The downward review comes days after GDP growth slowed down to a 25-quarter low of 5 percent in the June quarter due to the slump in private consumption and a near stalling of manufacturing activities, the agency said in a note.
The expected growth is based on the expectation of a pick up from the second quarter due to low base effect and more importantly, if the economy can maintain the same speed through the rest of the year, the note said.
"We expect growth to get some lift from the low base effect of 6.3 percent in the second half of the FY19," it said.
Other factors, including easing monetary policy with faster transmission and also consumption getting a boost from the farmers following the minimum income support scheme, will also help revive growth, it said.
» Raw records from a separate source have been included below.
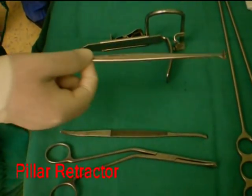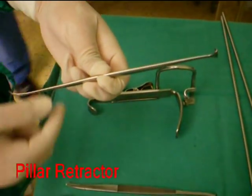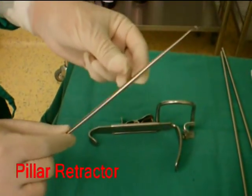A pillar retractor is used to retract the anterior pillar, mainly when securing hemostasis.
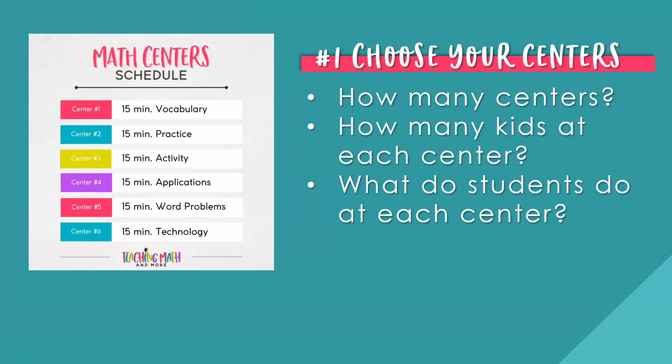Here are some center ideas: an activity, applications, game, practice, word problems, seat work, technology, vocabulary, or a teacher center. Here's an example of what a math center rotation chart looks like on the left. You have six math centers and each station is 15 minutes long. When students rotate, they go to the next math center in order from one to six — center one moves to center two, two to three, three to four, four to five, five to six, and then six moves back to one. Each activity is different and is only 15 minutes worth of work for students.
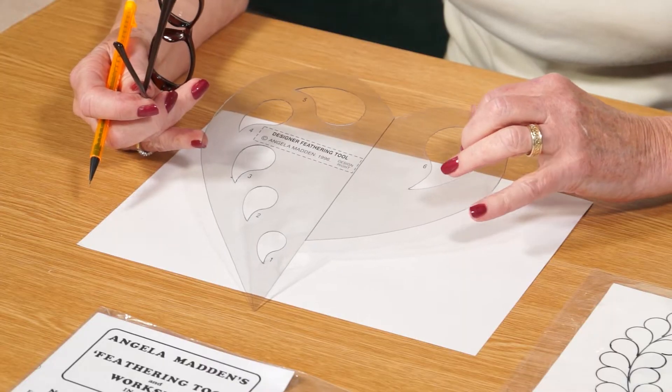Today I'd like to show you my feather tool. I developed it because I wanted to be able to machine nice feathers. I had tried quite a lot of templates but found they didn't work awfully well for me — they never seemed to be the right size or the right shape.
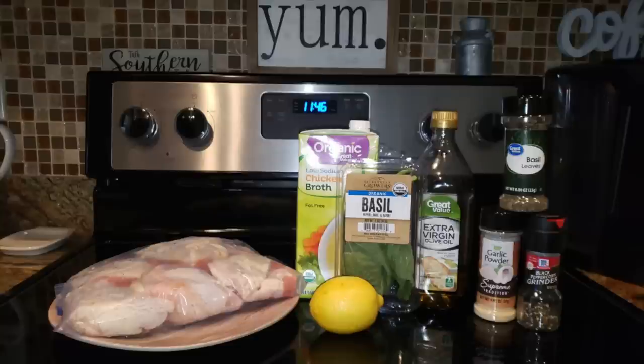Hey y'all, welcome back to my channel and welcome back to another edition of Foodie Fridays. So this Foodie Fridays, we are making another keto recipe, but I don't like to call it that because this is also a paleo, gluten-free recipe. It's just a chicken recipe, y'all, so it doesn't have to be a specific diet.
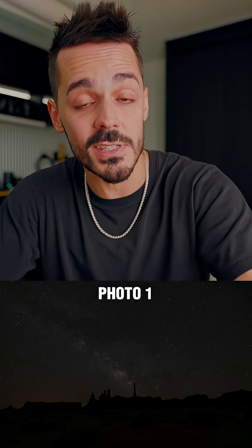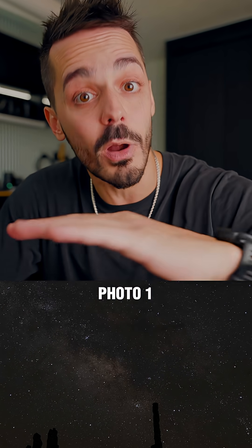For my first photo, I'll expose for the sky, and you can go darker than you think, because stars actually have color and we want to keep as much of that color as possible. Manually focus until the stars are sharp and then pull out one of these — it connects into your camera and allows you to take a picture without introducing any extra shake.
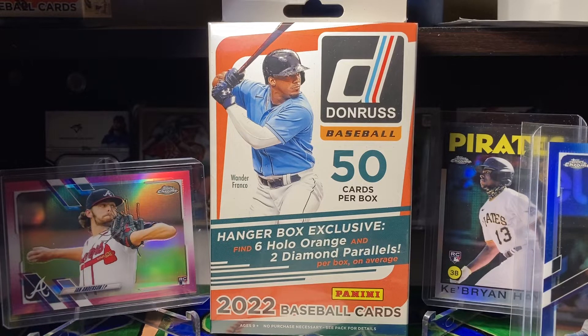First place is going to take home a nice hanger box of 2022 Donruss Baseball. This just came out. Some really cool cards and designs in there, and you can get some really good cards that are numbered and autographs and all kinds of stuff.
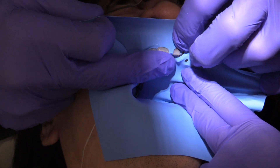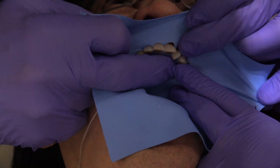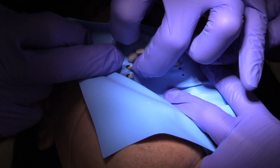I'll be placing the rubber dam from tooth number three all the way over to tooth number 13 today. I like doing this particularly when I'm working on a quadrant because it gives me great access to the area that I'm working.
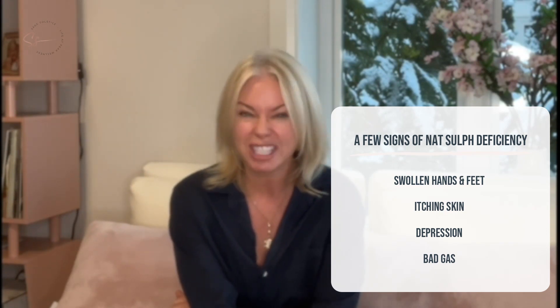Some deficiency symptoms of NatSulf are swollen hands and feet, itching skin, skin that has a greenish tinge to it, depression, suicidal feelings, and bad gas.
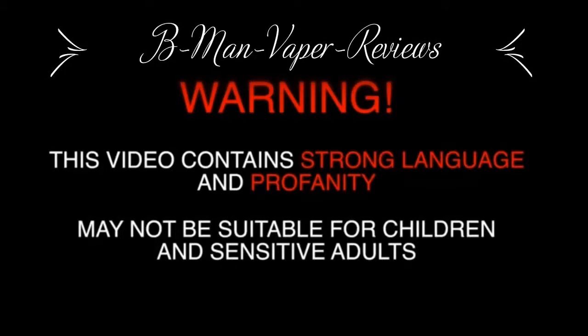Warning: this video contains strong language and profanity, may not be suitable for children and sensitive adults.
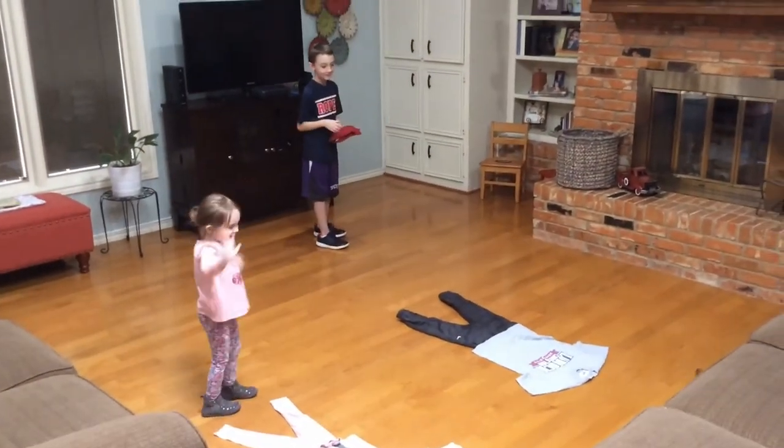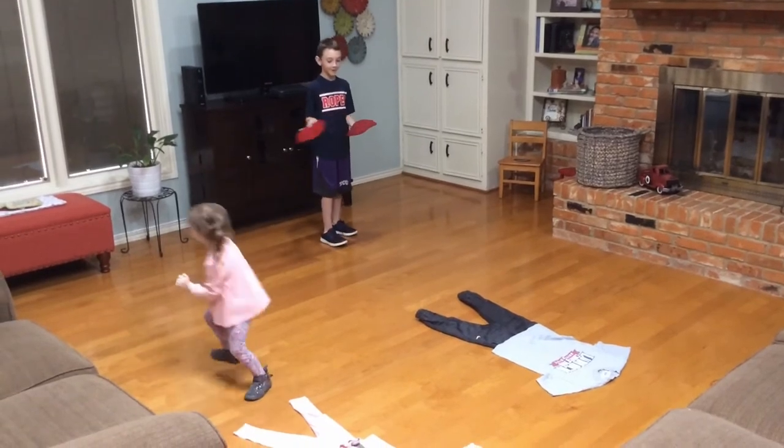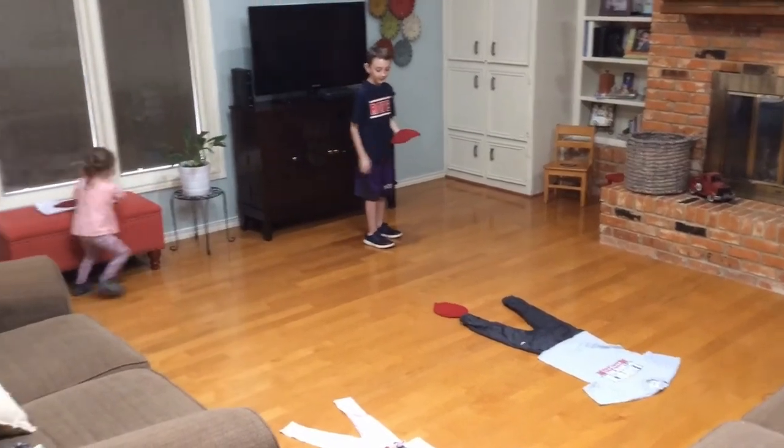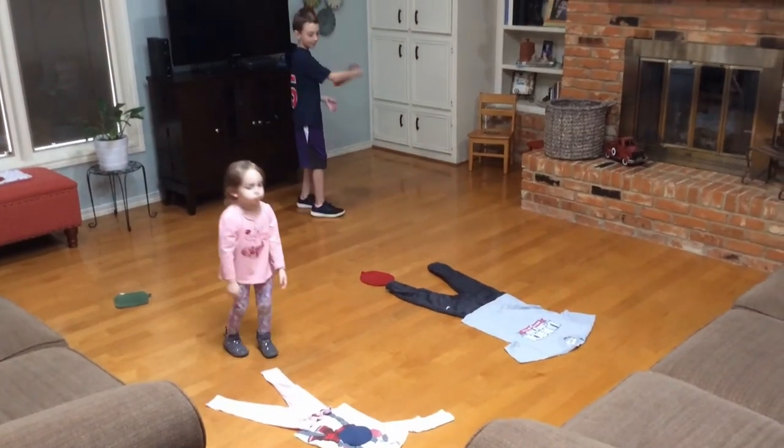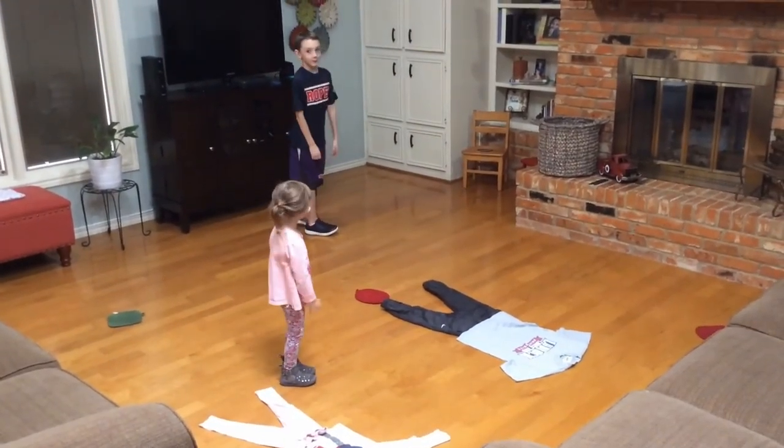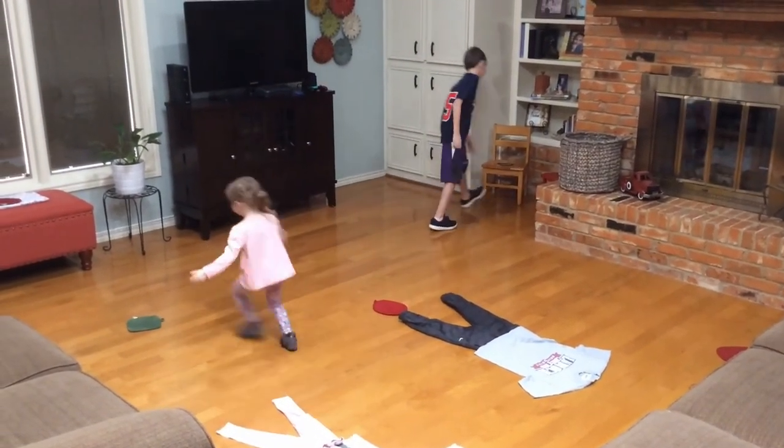Head. Yay! I win! Foot. Aww. Arm. I did. All right.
Having set an ambitious target of nearly doubling the economy to $5-trillion over the next five years, the government has taken some measures, including easing foreign investment norms in select sectors, early recapitalisation of the nearly crippled state-run banks and also clearing vendor payments on time.
But the Crisil note says these moves will at best address some "pain points" apart from supporting the sentiment.
Elaborating on its not-so-pleasing outlook on the economy, Crisil said private consumption demand, which has been the bulwark of growth for the last few decades, grew by a pale 3.1 percent in the first quarter as against 7.2 percent growth in the preceding quarter.
Consumption slowdown can be due to income slowdown and also due to cost increases, it said, adding apart from these, there are sectoral handicaps in the auto and realty sectors.
On the manufacturing side, it said July and August have had lower purchasing managers' index scores than the same for the first quarter.
In what only aggravates the problems, it said export growth has nearly halved to 5.7 percent in the first quarter from 10.6 percent in the previous quarter, while the government consumption has also slowed to 8.8 percent from 13.1 percent.